My interest in blogging derives not so much from an interest in technology or the new communication possibilities of the web, although these are important. It seems to me that the blog format and blog community of ongoing interactive engagement provides a unique space in which people with an interest in anthropology can engage in debates about issues which are not only problematic for ourselves as members of a discipline, but which are rarely discussed in the public domains of our publications or on our webpages. Different propositions can be explored as moments in a web conversation or thought process than can be articulated in formal submissions to academic journals or associated correspondence.

I think we see the benefits of this new disciplinary freedom in the kinds of debates ongoing within the Savage Minds community; the concerns with issues of engagement, matters of ethics and the public role of anthropology within and outside a rapidly changing academia. As an anthropologist within a university who is also engaged in worlds outside it these are very much my concerns. I welcome the opportunity to share these concerns with others. Please bear with me while I get used to the technology of inputting. Watch this space.

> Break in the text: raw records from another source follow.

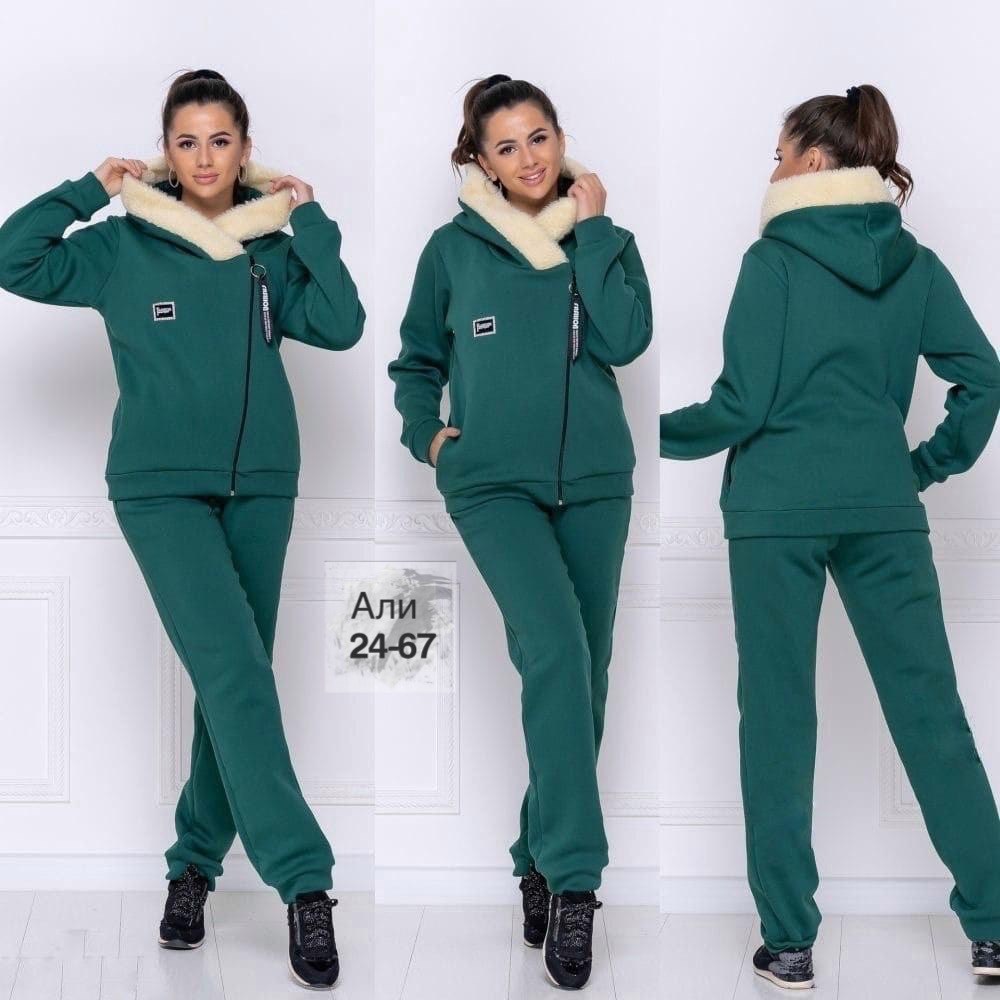 cпортивный костюм теплый женский,костюм спортивный женский на флисе,костюм женский на флисе,теплый костюм на флисе,костюм двойка женский
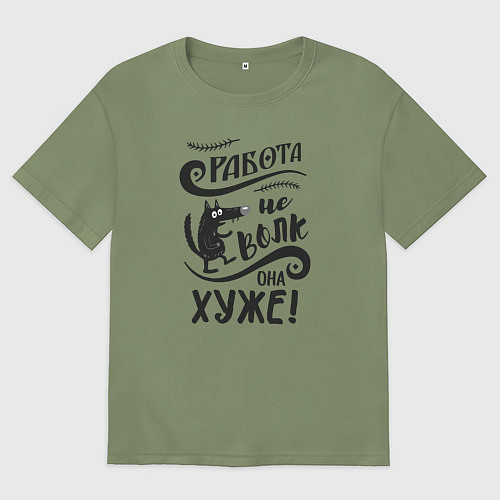 Мужская футболка оверсайз Работа не волк / Авокадо – фото 1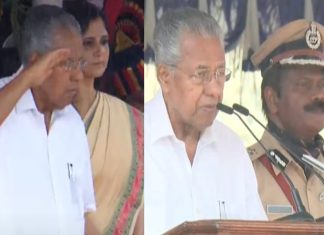 സംസ്ഥാനം അതീവ ദുഃഖത്തിൽ, അതിജീവിക്കണമെന്ന് മുഖ്യമന്ത്രി; പതാക ഉയർത്തി 78th Independence Day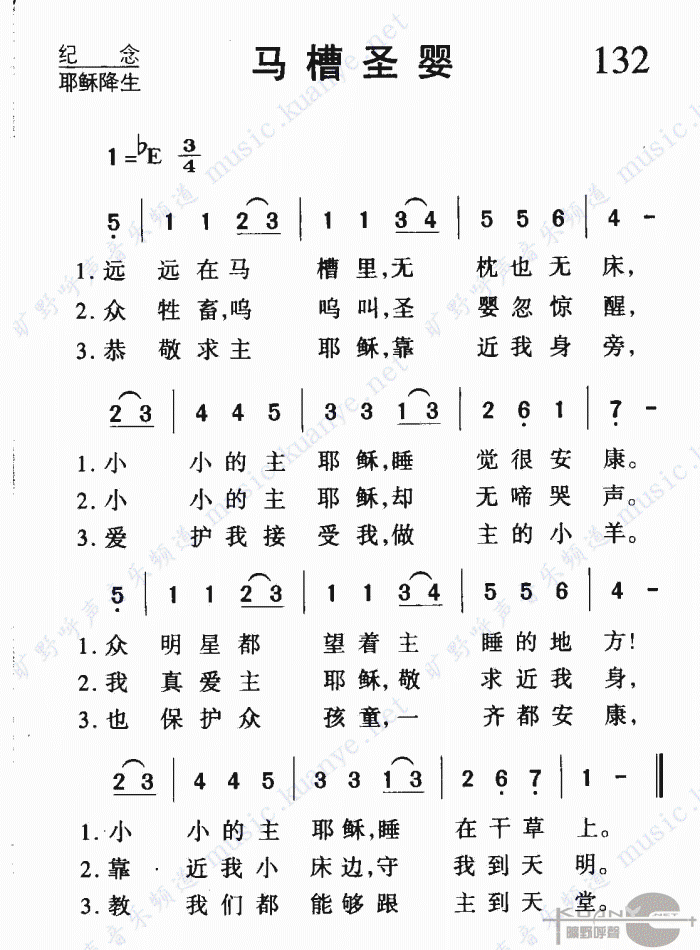 马槽歌(1)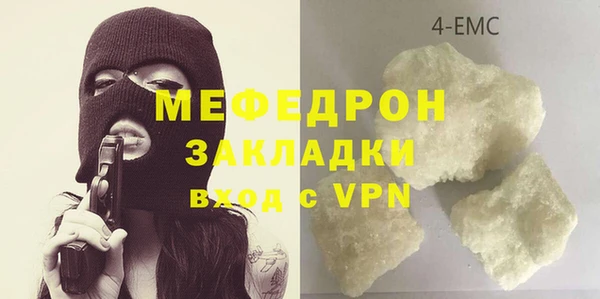 кокаин колумбия Верхний Тагил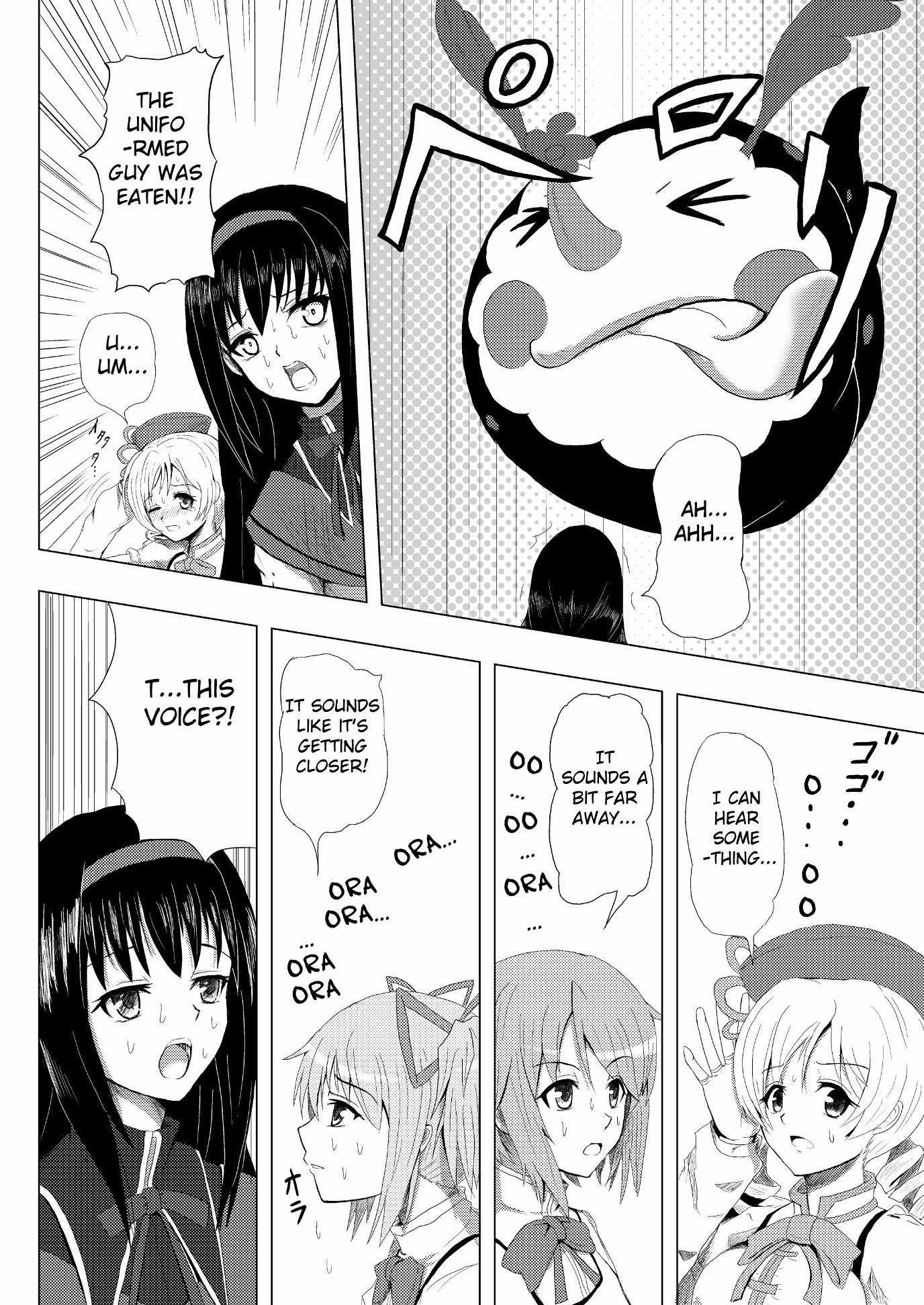 Stand User Homura Jojoca Chapter 1 - Page 14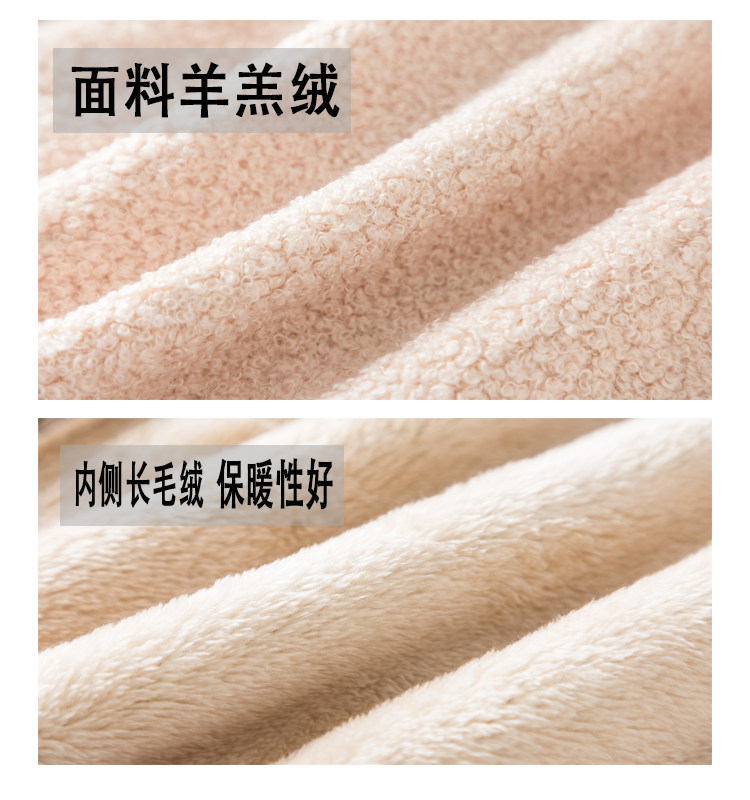 儿童羊羔绒马甲中大童外穿洋气春秋 古拉熊亲子装/亲子时装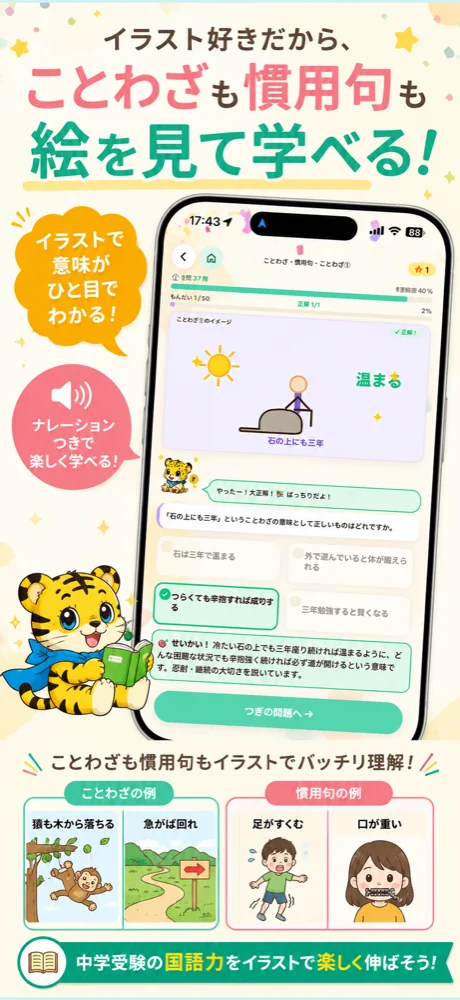 国語クエストの画面 1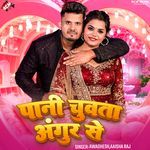 Pani Chuwata Angur Se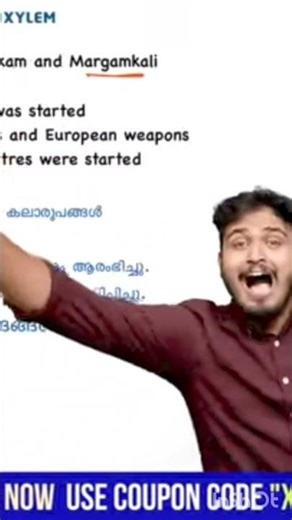 Ameen sir 😁😁🔥💚💚 #bgm #ringtonethiru #funny #love #malayalam #ekmotahathighumechala #musicgenre #ga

Maia Green teaches anthropology at the University of Manchester. Her original fieldwork was on the impacts of Catholic Christianity in Southern Tanzania. She’s continued working in Tanzania, but now explores a wider range of institutions and processes, including health sector reform, transformations in anti-witchcraft practices and the practice and culture of international development. Her work also has an ‘applied’ dimension, since she has combined academic anthropology with work as a policy analyst and as an adviser to international development agencies.

2 Comments
  1. John McCreery permalink

    Maia, please jump right in. Don’t just say that you welcome the opportunity to share concerns. Share some, as vividly, concretely and provocatively as you can. Looking forward to hearing what you have to say.